Albert sentit soudain qu'il demeurait seul : tous les autres étaient partis ! 


Il vit de petites tornades se former devant lui et se dandiner comme pour le saluer. Il devina qu'il s'agissait des lutins des plaines. Ceux-ci grandissaient, tourbillonnaient et s'éloignaient de plus en plus vite en direction des champs de rochers qui se dressaient plus loin, là où se trouvait la cloche. La fée avait stoppé les lutins mauvais tandis que les diverses tornades se mêlaient pour n'en former qu'une seule, immense qui se dressa bientôt vers le ciel. L'air s'emplit de poussière et de débris voletant et bientôt, Albert vit la cloche emportée lentement dans une trajectoire circulaire en direction du village. On entendit aussitôt le tonnerre et la foudre tomber à de nombreuses reprises sur les rochers. La terre trembla un moment puis le ciel redevint lentement limpide, la tornade ayant disparu.
- Albert, fit soudain une petite voix derrière lui !
Celui-ci se retourna vivement. La fée était revenue près de lui. Il voyait le soleil illuminer sa chevelure d'un halo merveilleux. Son visage restait dans l'ombre, mais ses yeux luisaient d'une lueur surnaturelle. Sa voix tintait merveilleusement : c'était celle du papillon ! Il se souvenait de tout, à présent…
- Je t'ai rendu la mémoire et tes pouvoirs. Ton aide a été précieuse…
- Pour récupérer la cloche ? Mais je n'ai rien fait du tout !
- Mais si, tu as cherché avec courage à exaucer les vœux de ce petit garçon dont tu as pris l'apparence. Et surtout, tu m'as libérée, moi et toutes mes sœurs !
- Je n'ai fait que répéter bêtement un mot que je ne comprenais pas et j'étais à peine conscient de ce qui se passait. J'ai fait ce qu'on m'a demandé et ce n'était presque rien !
- Les grandes choses se cachent parfois dans les toutes petites. Même si tu n'en étais pas conscient, ton intention de m'aider était pure. Je te remercie infiniment, brave « petit homme »…
La fée approcha ses lèvres de la joue d'Albert et l'embrassa affectueusement. Celui-ci rougit de contentement comme un petit garçon.
- Je vais te quitter, à présent, je vais rejoindre mes sœurs. Tu ne reverras pas les lutins des plaines. Ils sont en train de célébrer l'événement en jouant parmi les fleurs. Tends bien l'oreille et tu entendras peut-être leur musique ! Et puis, s'il te plaît, adopte une apparence qui convient mieux à un héros !
Albert sourit à ce compliment. La silhouette de la jeune femme s'effaça progressivement et se fondit dans le soleil. Une petite voix retentit une dernière fois :
- Et si tu vois un papillon se poser sur ton nez, ne le chasse pas : ce sera peut-être moi ou une de mes sœurs…
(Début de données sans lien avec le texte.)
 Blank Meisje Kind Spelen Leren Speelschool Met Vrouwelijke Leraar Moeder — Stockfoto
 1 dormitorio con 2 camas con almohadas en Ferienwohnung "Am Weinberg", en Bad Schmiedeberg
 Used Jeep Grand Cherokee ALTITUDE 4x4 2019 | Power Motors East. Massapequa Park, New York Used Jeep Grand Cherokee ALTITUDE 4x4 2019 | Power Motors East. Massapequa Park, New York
Plus tard, Albert rendit une dernière visite au petit garçon. Celui-ci ne pleurait plus. Il ne le vit pas, tout comme la première fois. La cloche rendue à l'église, la prospérité était revenue au village. Albert avait repris son apparence de bouffon, par nostalgie, sans doute. Il était également retourné vers la Roche Percée : il n'y avait plus personne là-bas ! 
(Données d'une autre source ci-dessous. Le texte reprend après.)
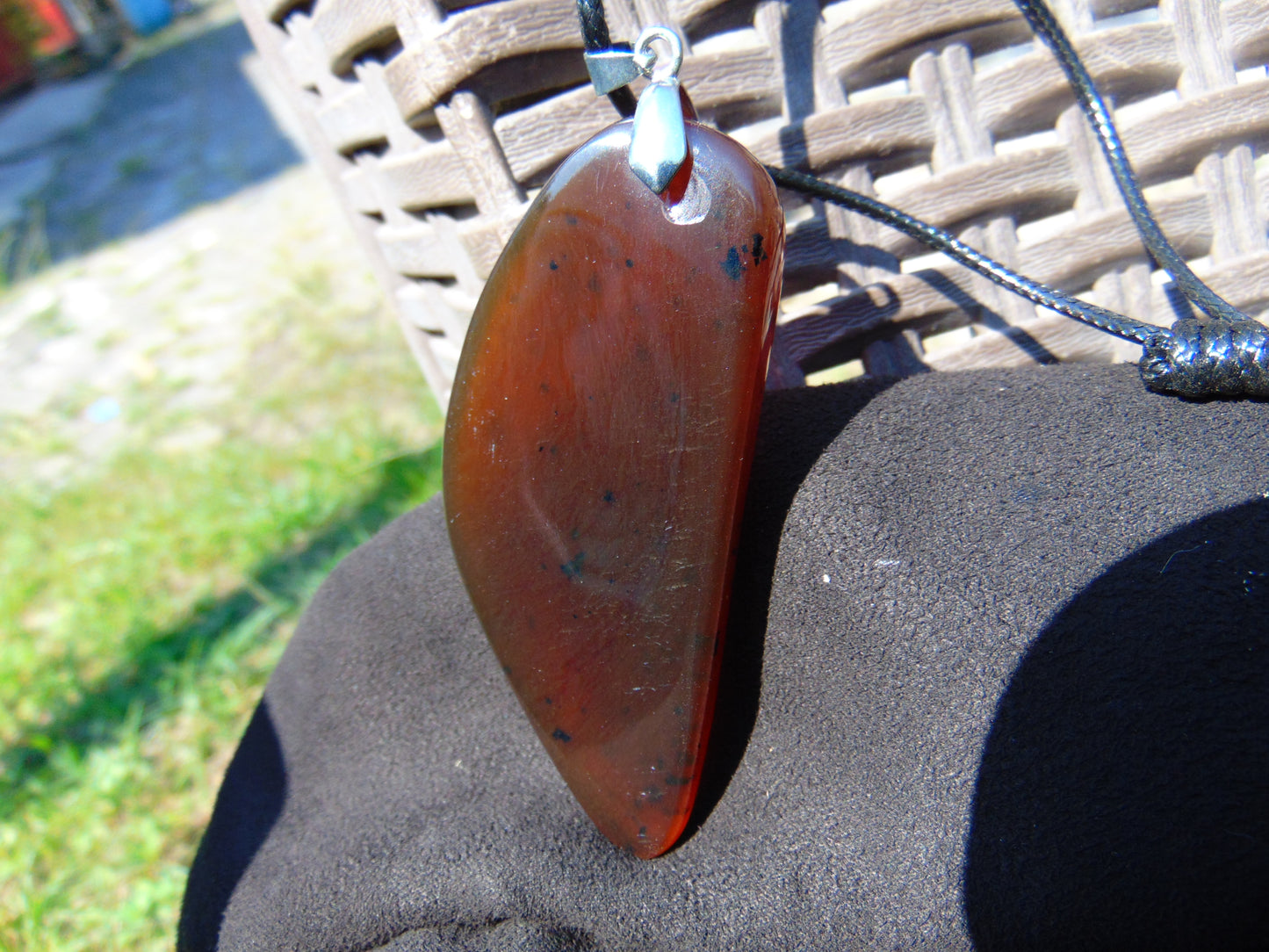 21 gr Pendant Indonesian Inclusion Red Amber for Healing PE20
C'est une histoire bien ancienne que celle-ci. Depuis, la cloche a de nouveau été perdue mais les hommes étant moins crédules ou moins croyants, peut-être, la prospérité du village n'en a pas souffert. Seul, Albert s'en souvient encore ! Il réside toujours près du petit pont de pierre et hèle les villageois qui ne l'entendent toujours pas. Il se délecte souvent du tintement d'une cloche à peine audible qui provient d'un grand trou dans la rivière, près du pont. C'est un cadeau de sa fée, son remerciement et le signe qu'elle ne l'a pas oublié, aussi parle-t-il à tous les papillons qu'il croise en espérant que ce soit elle… 

(Et si vous voulez savoir qui m'a raconté cette histoire, c'est le lutin lui-même !)

 

FIN

© William Kisasondi tous droits réservés.